» Your instructions: Whenever "Indonesia" appears in a line, please copy that line from the data.

● ● ●

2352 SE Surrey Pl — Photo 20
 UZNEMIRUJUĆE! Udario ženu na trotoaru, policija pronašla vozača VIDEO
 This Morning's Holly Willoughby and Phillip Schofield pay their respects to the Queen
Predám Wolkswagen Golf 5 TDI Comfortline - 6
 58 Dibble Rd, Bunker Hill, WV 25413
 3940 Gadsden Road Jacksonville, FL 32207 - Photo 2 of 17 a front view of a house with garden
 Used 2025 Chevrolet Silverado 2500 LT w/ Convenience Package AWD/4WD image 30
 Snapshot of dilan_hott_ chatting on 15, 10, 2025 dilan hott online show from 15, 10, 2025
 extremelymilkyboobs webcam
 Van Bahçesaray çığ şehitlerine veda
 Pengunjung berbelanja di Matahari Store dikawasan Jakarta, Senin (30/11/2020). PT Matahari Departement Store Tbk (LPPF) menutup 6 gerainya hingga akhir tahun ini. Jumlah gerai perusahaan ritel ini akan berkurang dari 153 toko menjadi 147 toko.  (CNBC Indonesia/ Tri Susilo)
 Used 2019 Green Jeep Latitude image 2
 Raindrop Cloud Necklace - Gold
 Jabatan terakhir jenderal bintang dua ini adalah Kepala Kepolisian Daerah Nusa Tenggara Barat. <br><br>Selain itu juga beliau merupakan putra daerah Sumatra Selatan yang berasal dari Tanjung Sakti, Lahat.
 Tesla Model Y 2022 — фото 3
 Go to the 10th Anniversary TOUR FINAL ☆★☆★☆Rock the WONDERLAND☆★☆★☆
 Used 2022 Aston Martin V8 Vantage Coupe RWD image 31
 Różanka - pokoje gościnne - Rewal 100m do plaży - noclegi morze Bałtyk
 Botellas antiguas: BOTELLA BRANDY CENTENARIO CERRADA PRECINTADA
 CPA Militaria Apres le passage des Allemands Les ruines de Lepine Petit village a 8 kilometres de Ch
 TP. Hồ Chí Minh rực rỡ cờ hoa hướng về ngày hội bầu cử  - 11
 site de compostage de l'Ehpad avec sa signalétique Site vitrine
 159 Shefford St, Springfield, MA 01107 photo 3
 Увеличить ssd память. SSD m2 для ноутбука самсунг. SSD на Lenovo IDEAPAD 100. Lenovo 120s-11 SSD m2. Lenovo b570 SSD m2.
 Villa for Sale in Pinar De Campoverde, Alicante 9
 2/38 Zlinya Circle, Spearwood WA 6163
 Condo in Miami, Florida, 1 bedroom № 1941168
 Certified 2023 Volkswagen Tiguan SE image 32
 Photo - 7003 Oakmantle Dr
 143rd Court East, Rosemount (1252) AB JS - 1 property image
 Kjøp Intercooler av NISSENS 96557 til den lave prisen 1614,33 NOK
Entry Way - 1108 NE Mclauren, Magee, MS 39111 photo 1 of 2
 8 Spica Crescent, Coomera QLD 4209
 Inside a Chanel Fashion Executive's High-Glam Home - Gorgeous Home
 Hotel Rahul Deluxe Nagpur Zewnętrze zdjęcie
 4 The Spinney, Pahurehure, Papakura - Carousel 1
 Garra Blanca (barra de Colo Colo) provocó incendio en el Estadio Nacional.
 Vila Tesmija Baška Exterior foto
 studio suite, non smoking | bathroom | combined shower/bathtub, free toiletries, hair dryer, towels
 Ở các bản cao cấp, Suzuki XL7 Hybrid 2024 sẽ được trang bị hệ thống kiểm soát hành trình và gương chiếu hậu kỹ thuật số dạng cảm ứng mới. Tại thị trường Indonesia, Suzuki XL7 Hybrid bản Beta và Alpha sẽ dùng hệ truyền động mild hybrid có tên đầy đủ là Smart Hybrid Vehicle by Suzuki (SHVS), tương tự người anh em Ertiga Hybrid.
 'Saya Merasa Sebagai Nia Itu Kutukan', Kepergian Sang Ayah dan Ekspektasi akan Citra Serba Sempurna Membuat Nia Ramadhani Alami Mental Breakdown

● ● ●

» The answer:
 Pengunjung berbelanja di Matahari Store dikawasan Jakarta, Senin (30/11/2020). PT Matahari Departement Store Tbk (LPPF) menutup 6 gerainya hingga akhir tahun ini. Jumlah gerai perusahaan ritel ini akan berkurang dari 153 toko menjadi 147 toko.  (CNBC Indonesia/ Tri Susilo)
 Ở các bản cao cấp, Suzuki XL7 Hybrid 2024 sẽ được trang bị hệ thống kiểm soát hành trình và gương chiếu hậu kỹ thuật số dạng cảm ứng mới. Tại thị trường Indonesia, Suzuki XL7 Hybrid bản Beta và Alpha sẽ dùng hệ truyền động mild hybrid có tên đầy đủ là Smart Hybrid Vehicle by Suzuki (SHVS), tương tự người anh em Ertiga Hybrid.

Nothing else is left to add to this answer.